Süleyman Ateş = Yeryüzünde bulunan(insan)ların çoğuna uysan, seni Allâh'ın yolundan saptırırlar. Onlar sadece zannediyorlar ve onlar sadece saçmalıyorlar.
Tefhim-ul Kuran = Yeryüzünde olanların çoğunluğuna uyacak olursan, seni Allah'ın yolundan şaşırtıp saptırırlar. Onlar ancak zanna uyarlar ve onlar ancak 'zan ve tahminle yalan söylerler.'
Ümit Şimşek = Yeryüzündekilerin çoğunluğuna uyacak olursan seni Allah yolundan saptırırlar. Onlar ancak zan peşinde gider ve uydurup dururlar.
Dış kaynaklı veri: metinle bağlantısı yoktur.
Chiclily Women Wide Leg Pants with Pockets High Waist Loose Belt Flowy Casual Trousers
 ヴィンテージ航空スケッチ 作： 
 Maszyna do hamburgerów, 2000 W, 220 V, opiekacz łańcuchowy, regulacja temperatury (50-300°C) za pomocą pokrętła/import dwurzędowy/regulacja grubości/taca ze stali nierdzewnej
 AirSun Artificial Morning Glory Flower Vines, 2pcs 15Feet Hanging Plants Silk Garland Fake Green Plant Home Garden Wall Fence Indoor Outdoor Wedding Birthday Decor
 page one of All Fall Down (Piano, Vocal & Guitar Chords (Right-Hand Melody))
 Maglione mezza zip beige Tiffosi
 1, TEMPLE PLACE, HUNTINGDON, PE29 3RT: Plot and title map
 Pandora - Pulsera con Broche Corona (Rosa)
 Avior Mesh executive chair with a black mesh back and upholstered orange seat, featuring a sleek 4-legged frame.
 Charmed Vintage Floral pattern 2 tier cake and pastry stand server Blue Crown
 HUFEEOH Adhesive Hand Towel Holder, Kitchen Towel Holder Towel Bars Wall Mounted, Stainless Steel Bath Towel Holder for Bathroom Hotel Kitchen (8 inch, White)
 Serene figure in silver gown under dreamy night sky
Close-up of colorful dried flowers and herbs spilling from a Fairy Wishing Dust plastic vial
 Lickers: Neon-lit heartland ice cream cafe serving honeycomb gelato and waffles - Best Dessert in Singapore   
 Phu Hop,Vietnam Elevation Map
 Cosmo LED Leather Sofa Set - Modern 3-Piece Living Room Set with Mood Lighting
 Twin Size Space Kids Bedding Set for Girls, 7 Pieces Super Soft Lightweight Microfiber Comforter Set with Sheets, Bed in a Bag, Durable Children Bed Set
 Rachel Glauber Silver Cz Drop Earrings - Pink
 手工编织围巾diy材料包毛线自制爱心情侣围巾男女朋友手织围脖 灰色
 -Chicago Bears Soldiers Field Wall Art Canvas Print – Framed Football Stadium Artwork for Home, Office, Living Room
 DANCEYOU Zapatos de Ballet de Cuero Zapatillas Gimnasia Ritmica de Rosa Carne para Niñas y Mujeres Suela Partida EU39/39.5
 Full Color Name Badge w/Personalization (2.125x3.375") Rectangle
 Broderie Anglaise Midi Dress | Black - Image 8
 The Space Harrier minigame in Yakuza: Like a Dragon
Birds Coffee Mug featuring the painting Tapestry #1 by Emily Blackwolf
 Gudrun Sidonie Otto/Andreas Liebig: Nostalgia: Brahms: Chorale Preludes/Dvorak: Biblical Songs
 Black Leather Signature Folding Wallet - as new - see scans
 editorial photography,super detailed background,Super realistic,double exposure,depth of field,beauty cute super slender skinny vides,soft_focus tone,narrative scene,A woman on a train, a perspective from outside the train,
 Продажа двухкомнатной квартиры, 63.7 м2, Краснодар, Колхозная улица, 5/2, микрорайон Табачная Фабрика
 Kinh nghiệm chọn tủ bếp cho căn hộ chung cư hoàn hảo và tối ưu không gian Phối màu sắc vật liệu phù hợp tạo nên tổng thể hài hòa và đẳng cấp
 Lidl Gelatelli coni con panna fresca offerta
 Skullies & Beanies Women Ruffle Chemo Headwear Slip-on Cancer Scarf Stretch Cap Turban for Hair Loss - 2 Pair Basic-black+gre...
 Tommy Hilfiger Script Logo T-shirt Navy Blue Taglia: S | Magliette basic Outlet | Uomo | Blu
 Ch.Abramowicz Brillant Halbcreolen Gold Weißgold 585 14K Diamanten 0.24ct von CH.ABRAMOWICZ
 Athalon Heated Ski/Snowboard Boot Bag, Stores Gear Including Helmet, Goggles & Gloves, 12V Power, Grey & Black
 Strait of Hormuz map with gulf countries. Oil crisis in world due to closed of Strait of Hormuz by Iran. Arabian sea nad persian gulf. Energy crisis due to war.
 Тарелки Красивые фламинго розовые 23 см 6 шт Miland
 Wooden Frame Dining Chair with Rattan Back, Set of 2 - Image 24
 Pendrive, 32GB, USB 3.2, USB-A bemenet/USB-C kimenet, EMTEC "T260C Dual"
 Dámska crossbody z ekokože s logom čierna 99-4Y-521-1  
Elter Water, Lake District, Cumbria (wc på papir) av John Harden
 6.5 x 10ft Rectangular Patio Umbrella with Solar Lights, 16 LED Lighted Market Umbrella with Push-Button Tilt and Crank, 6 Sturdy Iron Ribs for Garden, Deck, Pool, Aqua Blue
Yaşar Nuri Öztürk = Yeryüzündeki insanların çoğunluğuna uyarsan seni Allah yolundan saptırırlar. Sadece sanıya uyarlar onlar ve sadece saçmalarlar.
İskender Ali Mihr = Ve yeryüzünde bulunanların çoğuna itaat edersen, seni Allah’ın yolundan saptırırlar. Onlar, ancak zanna tâbî olurlar. Ve onlar, ancak yalan uydururlar.
İlyas Yorulmaz = Sen yeryüzünde yaşayanların çoğunun arzularına uyarsan, seni Allah’ın yolundan saptırırlar. Onlar zanna uyuyorlar ve yalnızca yalan söylüyorlar.